(WHAT IS NEEDED) Beginning with the opening line, restate the following material exactly, up through the line that contains "BOTINES TACÓN ANCHO CON ELÁSTICOS DE BERSHKA".

--------

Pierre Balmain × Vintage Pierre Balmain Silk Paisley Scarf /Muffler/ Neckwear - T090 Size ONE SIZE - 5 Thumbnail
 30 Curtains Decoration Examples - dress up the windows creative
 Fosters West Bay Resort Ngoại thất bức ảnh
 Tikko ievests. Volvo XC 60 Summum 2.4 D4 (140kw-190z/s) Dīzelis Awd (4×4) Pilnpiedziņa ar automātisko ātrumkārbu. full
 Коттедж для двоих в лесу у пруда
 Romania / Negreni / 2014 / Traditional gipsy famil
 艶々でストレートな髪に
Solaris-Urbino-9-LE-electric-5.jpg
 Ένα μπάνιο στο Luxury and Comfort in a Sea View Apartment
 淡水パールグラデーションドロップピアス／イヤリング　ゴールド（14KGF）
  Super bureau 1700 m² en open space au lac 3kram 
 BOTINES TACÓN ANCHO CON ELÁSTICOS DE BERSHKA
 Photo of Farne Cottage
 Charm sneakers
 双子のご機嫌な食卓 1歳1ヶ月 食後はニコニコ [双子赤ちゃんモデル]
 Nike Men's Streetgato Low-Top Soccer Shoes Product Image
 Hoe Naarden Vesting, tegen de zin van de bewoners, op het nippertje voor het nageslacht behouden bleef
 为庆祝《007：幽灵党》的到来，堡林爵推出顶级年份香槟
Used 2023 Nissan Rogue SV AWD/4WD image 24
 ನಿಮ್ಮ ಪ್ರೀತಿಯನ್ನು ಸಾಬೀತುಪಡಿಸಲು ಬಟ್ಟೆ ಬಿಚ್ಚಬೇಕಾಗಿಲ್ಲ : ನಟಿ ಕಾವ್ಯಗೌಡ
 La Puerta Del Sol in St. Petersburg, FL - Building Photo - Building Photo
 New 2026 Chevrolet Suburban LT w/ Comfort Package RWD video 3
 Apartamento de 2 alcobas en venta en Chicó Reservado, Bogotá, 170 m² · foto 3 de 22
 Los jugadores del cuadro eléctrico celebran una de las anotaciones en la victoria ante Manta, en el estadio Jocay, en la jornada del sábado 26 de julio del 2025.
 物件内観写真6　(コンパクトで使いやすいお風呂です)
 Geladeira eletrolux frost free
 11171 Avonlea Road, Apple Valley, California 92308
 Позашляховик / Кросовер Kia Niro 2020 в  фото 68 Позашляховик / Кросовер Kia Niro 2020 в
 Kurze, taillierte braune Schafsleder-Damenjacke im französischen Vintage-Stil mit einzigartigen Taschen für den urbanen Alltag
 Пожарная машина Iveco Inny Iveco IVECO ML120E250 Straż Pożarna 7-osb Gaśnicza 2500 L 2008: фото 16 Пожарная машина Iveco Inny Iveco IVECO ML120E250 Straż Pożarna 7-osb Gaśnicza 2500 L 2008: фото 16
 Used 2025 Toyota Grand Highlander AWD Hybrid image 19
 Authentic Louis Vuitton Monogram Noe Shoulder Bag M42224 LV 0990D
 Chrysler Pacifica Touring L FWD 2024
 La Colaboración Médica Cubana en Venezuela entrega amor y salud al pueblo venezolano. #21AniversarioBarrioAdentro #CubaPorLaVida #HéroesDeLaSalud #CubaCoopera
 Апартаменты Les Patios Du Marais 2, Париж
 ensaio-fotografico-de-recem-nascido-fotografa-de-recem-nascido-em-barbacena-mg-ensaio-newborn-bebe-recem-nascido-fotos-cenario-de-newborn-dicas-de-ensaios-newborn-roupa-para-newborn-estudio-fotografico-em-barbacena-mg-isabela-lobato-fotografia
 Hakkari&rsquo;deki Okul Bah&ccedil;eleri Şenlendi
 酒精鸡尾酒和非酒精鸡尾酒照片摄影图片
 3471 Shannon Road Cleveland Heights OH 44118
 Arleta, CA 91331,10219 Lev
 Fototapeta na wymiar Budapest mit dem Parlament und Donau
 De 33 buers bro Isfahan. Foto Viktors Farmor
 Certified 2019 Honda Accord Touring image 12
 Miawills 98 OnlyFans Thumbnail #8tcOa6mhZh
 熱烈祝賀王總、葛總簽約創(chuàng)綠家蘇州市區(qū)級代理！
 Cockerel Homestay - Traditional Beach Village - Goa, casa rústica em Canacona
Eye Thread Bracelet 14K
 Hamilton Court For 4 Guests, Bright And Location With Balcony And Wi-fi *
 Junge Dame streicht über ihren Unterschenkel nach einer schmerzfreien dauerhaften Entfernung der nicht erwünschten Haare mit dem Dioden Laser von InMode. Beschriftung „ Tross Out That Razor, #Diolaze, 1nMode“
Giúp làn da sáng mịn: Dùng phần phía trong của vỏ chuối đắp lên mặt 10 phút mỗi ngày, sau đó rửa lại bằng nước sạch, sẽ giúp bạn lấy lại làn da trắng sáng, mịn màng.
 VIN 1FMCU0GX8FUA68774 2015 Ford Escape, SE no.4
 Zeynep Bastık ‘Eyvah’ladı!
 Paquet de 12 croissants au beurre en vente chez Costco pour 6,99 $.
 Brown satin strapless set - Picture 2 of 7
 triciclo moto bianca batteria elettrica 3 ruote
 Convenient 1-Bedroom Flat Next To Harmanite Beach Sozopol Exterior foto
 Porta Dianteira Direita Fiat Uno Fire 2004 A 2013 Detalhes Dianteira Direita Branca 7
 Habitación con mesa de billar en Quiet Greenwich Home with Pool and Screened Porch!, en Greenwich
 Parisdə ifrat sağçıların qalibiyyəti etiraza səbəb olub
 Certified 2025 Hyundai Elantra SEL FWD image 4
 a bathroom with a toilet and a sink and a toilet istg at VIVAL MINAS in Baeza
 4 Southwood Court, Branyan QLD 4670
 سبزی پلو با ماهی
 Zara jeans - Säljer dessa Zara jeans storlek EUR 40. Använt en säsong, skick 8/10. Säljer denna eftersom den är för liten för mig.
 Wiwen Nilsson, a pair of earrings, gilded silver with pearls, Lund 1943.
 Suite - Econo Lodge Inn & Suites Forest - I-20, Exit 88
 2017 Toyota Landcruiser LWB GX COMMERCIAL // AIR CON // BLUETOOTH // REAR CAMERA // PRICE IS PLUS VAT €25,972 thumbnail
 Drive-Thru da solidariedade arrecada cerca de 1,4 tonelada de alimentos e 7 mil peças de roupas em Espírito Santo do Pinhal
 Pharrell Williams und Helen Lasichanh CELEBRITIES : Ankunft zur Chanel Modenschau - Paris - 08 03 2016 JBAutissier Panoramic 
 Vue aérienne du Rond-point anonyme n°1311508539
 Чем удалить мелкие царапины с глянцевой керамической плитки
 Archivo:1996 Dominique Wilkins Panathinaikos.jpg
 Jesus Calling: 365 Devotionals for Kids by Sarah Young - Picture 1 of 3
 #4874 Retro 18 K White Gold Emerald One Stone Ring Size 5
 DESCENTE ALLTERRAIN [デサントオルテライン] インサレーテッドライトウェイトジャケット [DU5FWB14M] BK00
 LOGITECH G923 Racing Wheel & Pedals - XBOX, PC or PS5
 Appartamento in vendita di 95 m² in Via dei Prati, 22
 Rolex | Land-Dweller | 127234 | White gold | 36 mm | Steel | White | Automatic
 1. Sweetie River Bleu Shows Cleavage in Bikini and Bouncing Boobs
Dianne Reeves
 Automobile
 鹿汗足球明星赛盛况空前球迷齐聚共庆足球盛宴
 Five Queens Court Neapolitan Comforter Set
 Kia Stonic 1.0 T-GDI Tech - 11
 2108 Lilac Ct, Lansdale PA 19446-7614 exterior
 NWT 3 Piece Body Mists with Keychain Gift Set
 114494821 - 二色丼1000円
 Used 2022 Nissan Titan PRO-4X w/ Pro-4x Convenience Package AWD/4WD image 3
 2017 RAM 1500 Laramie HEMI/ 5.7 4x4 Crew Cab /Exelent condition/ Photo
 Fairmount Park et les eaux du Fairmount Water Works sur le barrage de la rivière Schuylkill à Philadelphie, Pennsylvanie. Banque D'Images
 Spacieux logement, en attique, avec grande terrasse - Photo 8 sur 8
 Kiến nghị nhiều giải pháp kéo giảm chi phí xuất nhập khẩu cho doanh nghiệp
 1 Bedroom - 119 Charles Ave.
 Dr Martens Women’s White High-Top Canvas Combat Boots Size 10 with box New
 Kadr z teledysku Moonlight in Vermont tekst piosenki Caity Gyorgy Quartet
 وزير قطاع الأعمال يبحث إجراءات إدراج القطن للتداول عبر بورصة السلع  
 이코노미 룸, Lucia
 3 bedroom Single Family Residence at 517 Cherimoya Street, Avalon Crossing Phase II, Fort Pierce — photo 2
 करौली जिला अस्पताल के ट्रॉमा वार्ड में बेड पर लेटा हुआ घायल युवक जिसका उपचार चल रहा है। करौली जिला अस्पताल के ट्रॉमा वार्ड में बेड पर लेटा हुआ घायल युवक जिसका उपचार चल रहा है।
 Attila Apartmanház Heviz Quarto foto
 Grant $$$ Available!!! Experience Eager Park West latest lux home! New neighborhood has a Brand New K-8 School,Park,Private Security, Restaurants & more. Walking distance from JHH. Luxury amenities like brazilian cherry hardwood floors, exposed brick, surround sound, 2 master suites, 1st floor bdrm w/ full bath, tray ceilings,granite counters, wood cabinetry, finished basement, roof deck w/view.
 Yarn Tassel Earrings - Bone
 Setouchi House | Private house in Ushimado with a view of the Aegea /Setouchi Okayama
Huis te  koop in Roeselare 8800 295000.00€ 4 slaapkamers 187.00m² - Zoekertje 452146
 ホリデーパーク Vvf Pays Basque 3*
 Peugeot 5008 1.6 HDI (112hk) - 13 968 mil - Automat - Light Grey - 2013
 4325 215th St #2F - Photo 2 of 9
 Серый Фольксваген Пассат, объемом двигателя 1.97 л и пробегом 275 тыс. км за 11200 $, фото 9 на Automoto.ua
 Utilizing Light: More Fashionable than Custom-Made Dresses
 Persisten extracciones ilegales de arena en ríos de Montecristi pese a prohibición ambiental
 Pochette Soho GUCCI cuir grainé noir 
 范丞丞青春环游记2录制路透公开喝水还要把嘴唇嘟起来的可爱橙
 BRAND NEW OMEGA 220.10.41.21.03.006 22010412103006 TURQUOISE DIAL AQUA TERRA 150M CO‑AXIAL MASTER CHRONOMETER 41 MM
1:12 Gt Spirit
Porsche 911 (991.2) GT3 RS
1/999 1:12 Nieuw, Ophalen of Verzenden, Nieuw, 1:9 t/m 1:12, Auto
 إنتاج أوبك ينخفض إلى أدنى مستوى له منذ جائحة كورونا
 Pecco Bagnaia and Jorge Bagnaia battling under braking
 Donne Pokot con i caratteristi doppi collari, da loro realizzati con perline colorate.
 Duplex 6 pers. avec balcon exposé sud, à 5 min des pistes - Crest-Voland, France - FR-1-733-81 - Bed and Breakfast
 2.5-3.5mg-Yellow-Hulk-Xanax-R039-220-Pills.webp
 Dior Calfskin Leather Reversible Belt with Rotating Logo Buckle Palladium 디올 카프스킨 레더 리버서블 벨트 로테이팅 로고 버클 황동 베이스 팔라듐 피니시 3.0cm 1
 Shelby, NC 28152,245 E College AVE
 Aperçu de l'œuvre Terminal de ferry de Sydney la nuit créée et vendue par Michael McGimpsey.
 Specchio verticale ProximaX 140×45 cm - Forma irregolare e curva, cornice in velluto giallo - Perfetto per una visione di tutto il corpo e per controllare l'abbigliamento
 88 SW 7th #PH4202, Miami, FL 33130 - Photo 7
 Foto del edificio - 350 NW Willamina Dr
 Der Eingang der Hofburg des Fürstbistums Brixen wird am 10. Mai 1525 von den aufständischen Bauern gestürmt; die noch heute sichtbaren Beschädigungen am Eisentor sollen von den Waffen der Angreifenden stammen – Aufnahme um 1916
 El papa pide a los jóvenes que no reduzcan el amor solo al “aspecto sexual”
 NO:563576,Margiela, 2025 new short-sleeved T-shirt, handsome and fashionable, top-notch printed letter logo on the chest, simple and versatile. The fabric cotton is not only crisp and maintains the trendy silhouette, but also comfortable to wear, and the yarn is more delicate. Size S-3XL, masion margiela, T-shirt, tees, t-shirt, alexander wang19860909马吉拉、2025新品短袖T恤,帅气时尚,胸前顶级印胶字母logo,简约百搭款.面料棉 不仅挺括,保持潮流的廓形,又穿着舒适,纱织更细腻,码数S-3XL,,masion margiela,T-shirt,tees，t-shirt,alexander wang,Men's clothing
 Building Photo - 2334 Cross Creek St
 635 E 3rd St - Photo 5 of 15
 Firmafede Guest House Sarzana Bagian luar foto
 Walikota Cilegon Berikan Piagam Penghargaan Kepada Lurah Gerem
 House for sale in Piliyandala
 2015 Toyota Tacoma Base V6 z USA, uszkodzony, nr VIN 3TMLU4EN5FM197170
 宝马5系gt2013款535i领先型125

--------

(RESULT OF THIS TASK)
Pierre Balmain × Vintage Pierre Balmain Silk Paisley Scarf /Muffler/ Neckwear - T090 Size ONE SIZE - 5 Thumbnail
 30 Curtains Decoration Examples - dress up the windows creative
 Fosters West Bay Resort Ngoại thất bức ảnh
 Tikko ievests. Volvo XC 60 Summum 2.4 D4 (140kw-190z/s) Dīzelis Awd (4×4) Pilnpiedziņa ar automātisko ātrumkārbu. full
 Коттедж для двоих в лесу у пруда
 Romania / Negreni / 2014 / Traditional gipsy famil
 艶々でストレートな髪に
Solaris-Urbino-9-LE-electric-5.jpg
 Ένα μπάνιο στο Luxury and Comfort in a Sea View Apartment
 淡水パールグラデーションドロップピアス／イヤリング　ゴールド（14KGF）
  Super bureau 1700 m² en open space au lac 3kram 
 BOTINES TACÓN ANCHO CON ELÁSTICOS DE BERSHKA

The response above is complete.